Wednesday, February 27, 2013

the other day, I was looking at this little chunk's hands. 
they are so stinking cute. he's getting little knuckle dimples.
this is my attempt to try and show you his cute little body. 
he's a squirmer, so it didn't quite work out the way I had hoped... but he's still cute :). 













new swim trunks



cutest new overalls


we're always thinking of you, Dane.


Tuesday, February 26, 2013

Friday, February 22, 2013

old navy is having a sale.
 we stocked up. this kid is getting so big.
 the 0-3 have no chance of fitting him anymore.
it's so sad but so exciting at the same time. 
i can't wait until he can talk with me.
and play with me.
and i just really really want to squeeze him tight...
he's a little too small for that right now.

i guess he must be a good mix of the two of us because no one can really ever tell who he looks like.
silas always says dane, but... it's silas, so i don't know.
one thing we do know for sure is that he smiles like a conrad. 
his eyes scrunch up and almost close when he smiles. 
it kills all of us. 
cutest, biggest smiles ever.

besides outgrowing his clothes, i can tell he's growing because he thinks he's starving almost every hour.
thankfully not at night. he usually will go 7 hours at night. 
bless that child. 
i'm scared to have another kid because i KNOW it will be terrible compared to him.
i wouldn't even know what to do. 
no one would be able to tell i have a kid already.
true.
he is so special. i mean that.
i don't know why he wanted to come to us! 
probably to help us, because we certainly can't do much to help him, poor kid.
i try to ask myself "what would tanya do?" as often as i can...  because that would be the right thing to do. 
 i would be the best mom if i was like tanya. 
hopefully i can figure out how before he gets old enough to realize i'm not actually the best mom.
i'll tell you what though... i will love him forever and nothing can stop me!
i literally can't stop kissing him. i can't. i've tried. 
don't you want to eat him?....
















Tuesday, February 12, 2013

every stinking day I can't believe how I got so lucky. 
every. stinking. day. 

there are only a few things I can't go without. 
food.
 (burgers fried in butter?... ok, texas. your one redeeming quality. the only one.)
chubbs.
(he is so so so good to me.)
and arthur.
(there never was a better, sweeter baby to his momma.)



sometimes I get a little down when chubbs is away all day.
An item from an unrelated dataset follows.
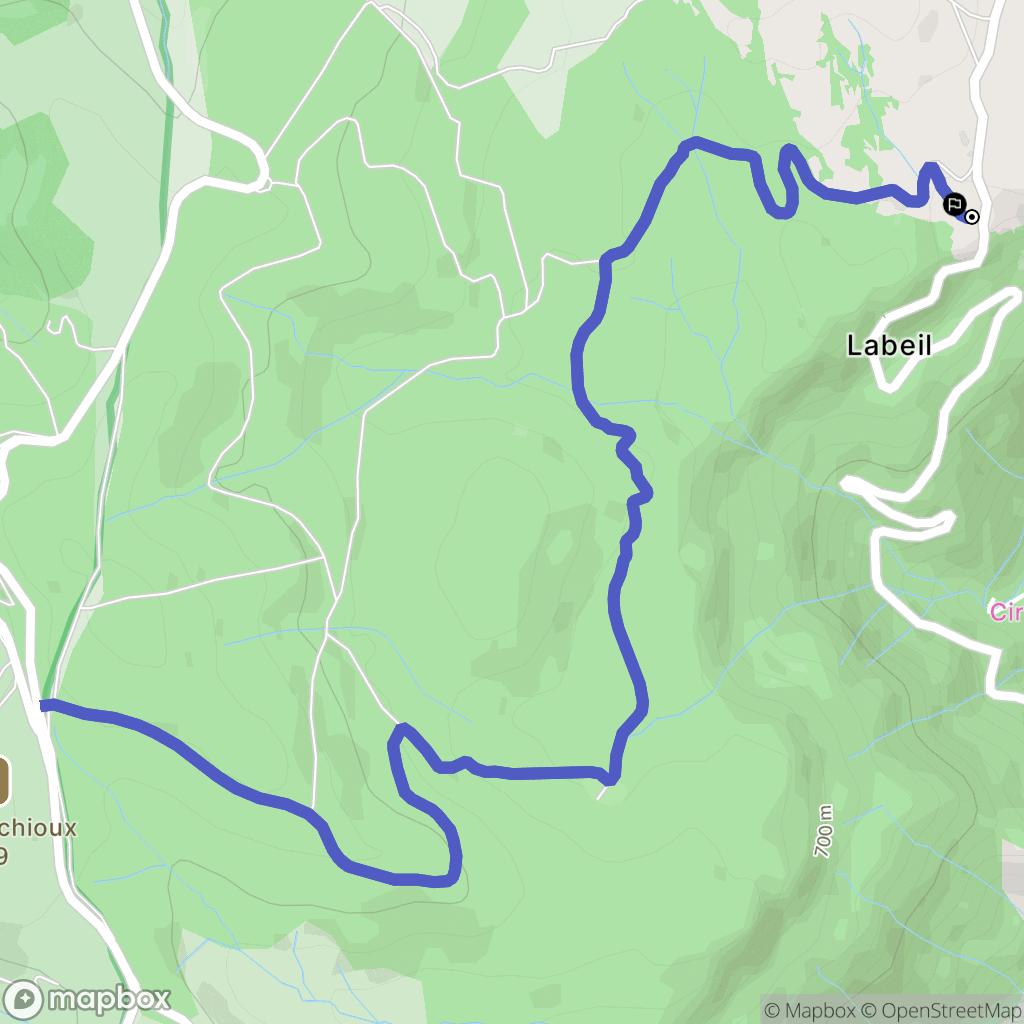 Lauroux : carte du parcours de randonnée - France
I sure do love that guy. and he loves me too which is the best part of all. silas teases him because he tells me he loves me about every 5 minutes :). I can't complain. I love him right back. when he's gone, the only reason I don't spend every day crying in my room is because of my sweet little poophead. seriously.
 (ok, really.... he just smiled in his sleep and I died.)
I love him so much! why is he so good to me???????????
how on earth did I get these boys?...seriously... my heart... it can't hold all the love..... I've had to start storing it in other places....  like my belly... and my bum. (yuck gross.)
it's valentine's day every day. and my birthday and christmas.
what?........

oh. and look at this stinking cute hat on my baby.
go ahead. cry.





Sunday, February 10, 2013

This is what you get - 

when you have a perfect baby that sleeps for 9 hours straight. 




Arthur! We love you!

Wednesday, February 6, 2013

Pardon the retard baby voice in the background....
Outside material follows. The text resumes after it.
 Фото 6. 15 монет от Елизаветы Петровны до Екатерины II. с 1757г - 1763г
                               
2 months old today.

i was looking at a blog the other day and the lady had a baby who was 4 months old and just barely wearing 3-6 month clothes.... sheesh. if only. i want to keep this baby small forever.

his personality is starting to show and we love it :). 
chubbs used to say he was bland. not anymore he doesn't (probably more because i got mad at him than because he changed his mind ;)....).
 he's so much fun.
 he smiles a ton. and then he is very serious.
 he's starting to laugh a little bit when we smile and talk to him.
 he has the whimpiest tiny little whine and i think it's so stinking cute.
 he has nightmares and wakes up crying like i've never heard him cry. it breaks my heart and i love to snuggle him back to sleep. 
we give him baths in the big tub and he loves them and smiles the whole time. 
he really hasn't been pooping like he should. we're talking 3-4 days between poops. those poops are ginormous and so much fun to change...... stinker.
the kids just can't get enough of him (mainly court) and hug and kiss him 100 times every day. so do i. 
the other night he slept for almost 7 hours straight in his swing. he cannot get enough i tell you.
i love playing with him in the morning. he is just so sweet and perfect!!!! i wish you all could see! 
and he is so beautiful when he's sleeping. i could just stare at him the whole time. 
his ears are starting to stick out a little bit and we love them!
we're still loving his little sounds :). every time chubbs says, "alright... that was really cute." :)
he is starting to pull out his pouty lip. it kills me every time. love that thing.

he is seriously one of my best friends. for reals. i love him so much.